A byte is eight bits. A byte was traditionally often used to store a character, though very early computers only required 7 bits to store a character. The ASCII standard for encoding characters in 7 bits was ratified in 1963, though at the time there were also competing character encodings (of which EBCDIC still survives to this day).
When you only use 7 of the available 8 bits, you might have ideas for what to do with the spare bit. One of the common approaches was to encode additional non-standard characters which were not available in the ASCII standard. A large number of legacy 8-bit encodings have been defined, some of which have been published as standards as well. Some are still in popular use; some examples are ISO-8859-1 (aka Latin-1) and the Windows code pages (437, 850, and 1252 are still in common use in Western countries, despite their many drawbacks). Many of them are "extended ASCII" encodings which are compatible with ASCII in the first 128 characters; though the term "extended ASCII" is not really technically well-defined.
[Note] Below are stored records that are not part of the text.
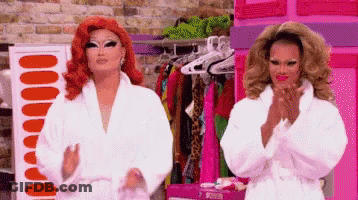 Two Drag Queens In White Robes Standing Together GIF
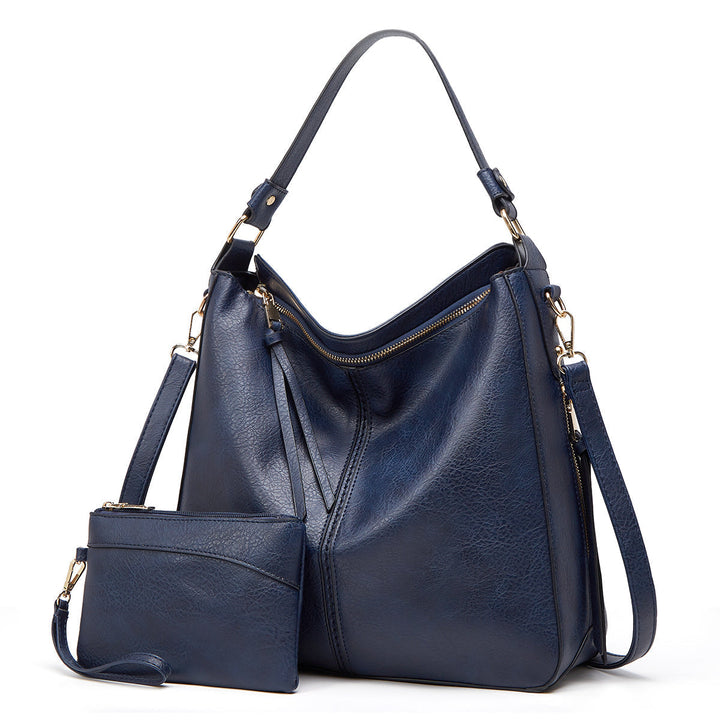 ERIKA ELEGANT LEATHER BAG WITH LARGE CAPACITY AND SIDE POCKETS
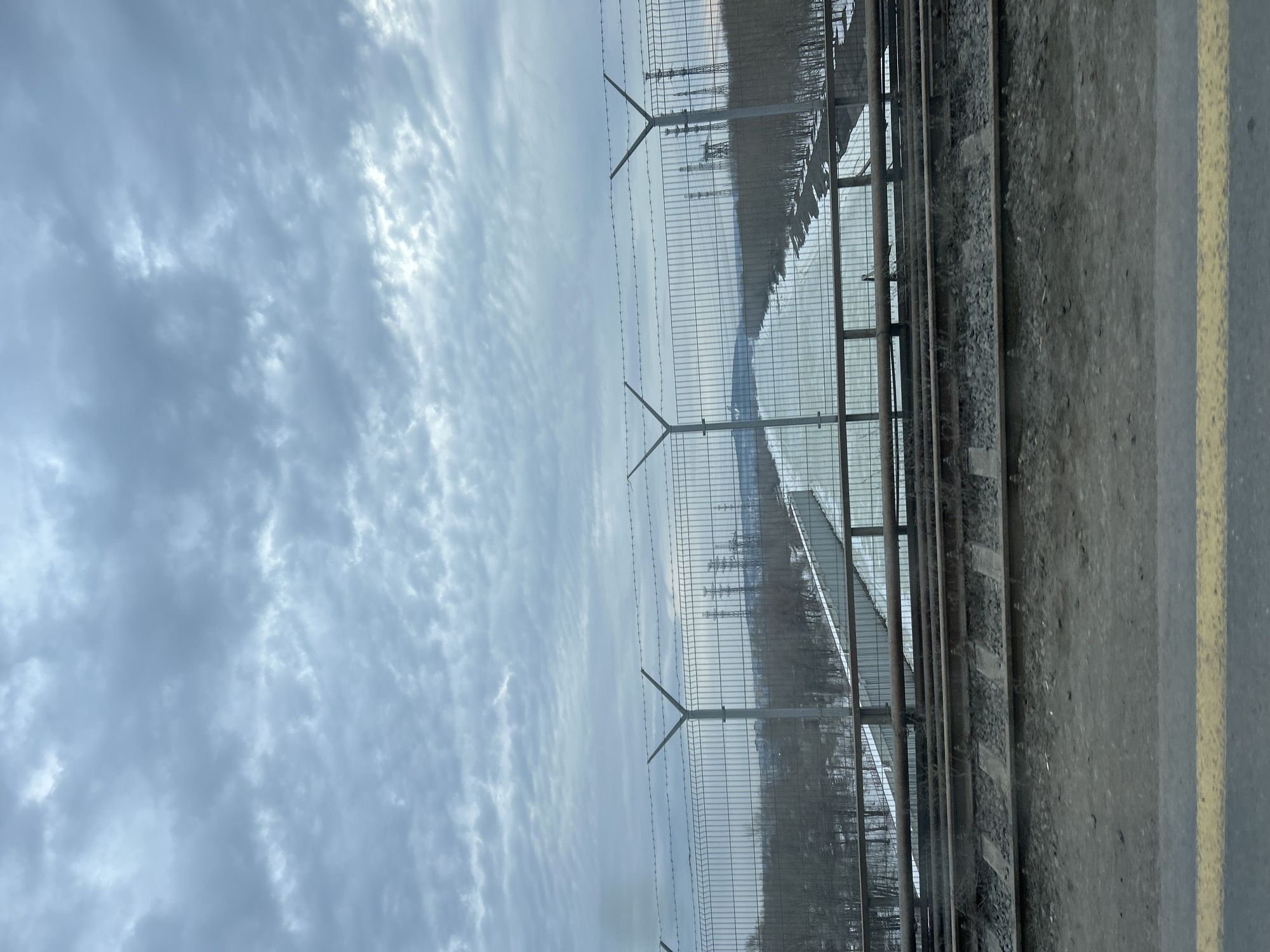 The image depicts a railroad scene in what is likely Chaikovsky, Russia, given the likely location. The foreground shows a section of a train platform edge marked with a yellow safety line. Adjacent to the platform are railroad tracks lined with ballast. A high wire fence runs parallel to the tracks, topped with barbed wire. Beyond the fence, a vista of electrical towers and distant hills is visible under an overcast sky. The scene conveys a sense of an industrial or transportation zone.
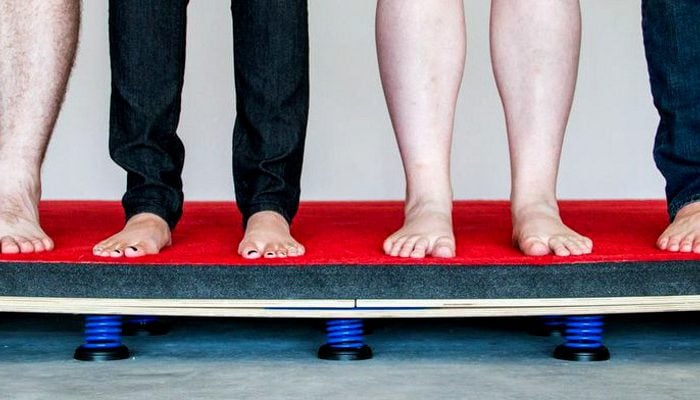 A spring board being tested at Hot Lava Obstacle Course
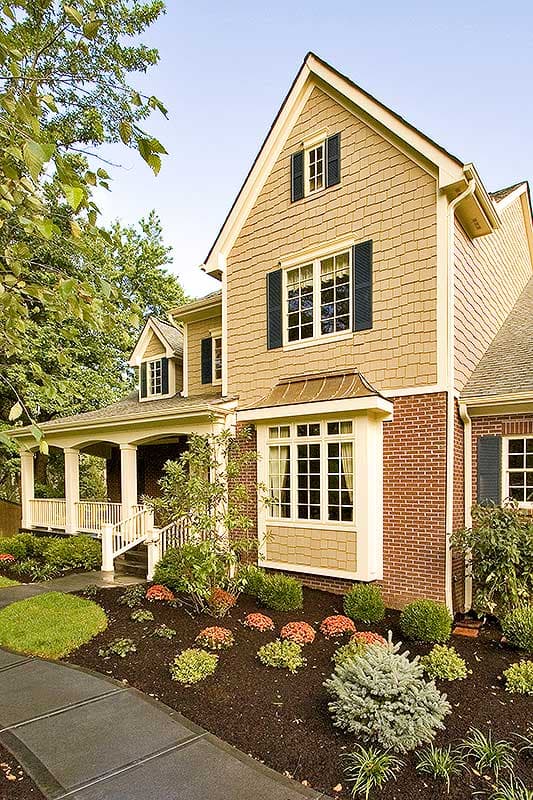 House plan exterior: Two-story home with shingle siding, brick base, wraparound porch, and bay window.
If you are processing a sequence of bytes, you do want to be able to cope with byte values in the range 0-255 and not just the ones which are defined in ASCII. On the other hand, if you have guarantees that none of the bytes you are going to process will have values above 127 (such as, for example, if your input is known to be ASCII because it comes from a source which is incapable of producing anything else), it is excessive to reserve room for values you know you are not going to need.
Going forward, most modern systems use Unicode in one form or another. On Windows, and apparently still in Java, you should expect UTF-16; elsewhere, UTF-8 is rapidly becoming the de facto standard. Both of these require your code to be able to handle 8-bit bytes cleanly, though the code points are not (necessarily, in UTF-8, or ever, in UTF-16) encoded in a single byte.
As for the code you posted, you are correct that 128 character positions is enough if you discard any byte whose value is larger than 127. On the other hand, depending on what data you expect to process, discarding non-ASCII characters may not at all be the right thing to do; and then, if you don't discard anything, you do need to handle all 256.
Either way, if you only discard values larger than 128, you need 129 positions in the array (there are 129 integers in the range 0 through 128). This is probably just a silly off-by-one bug.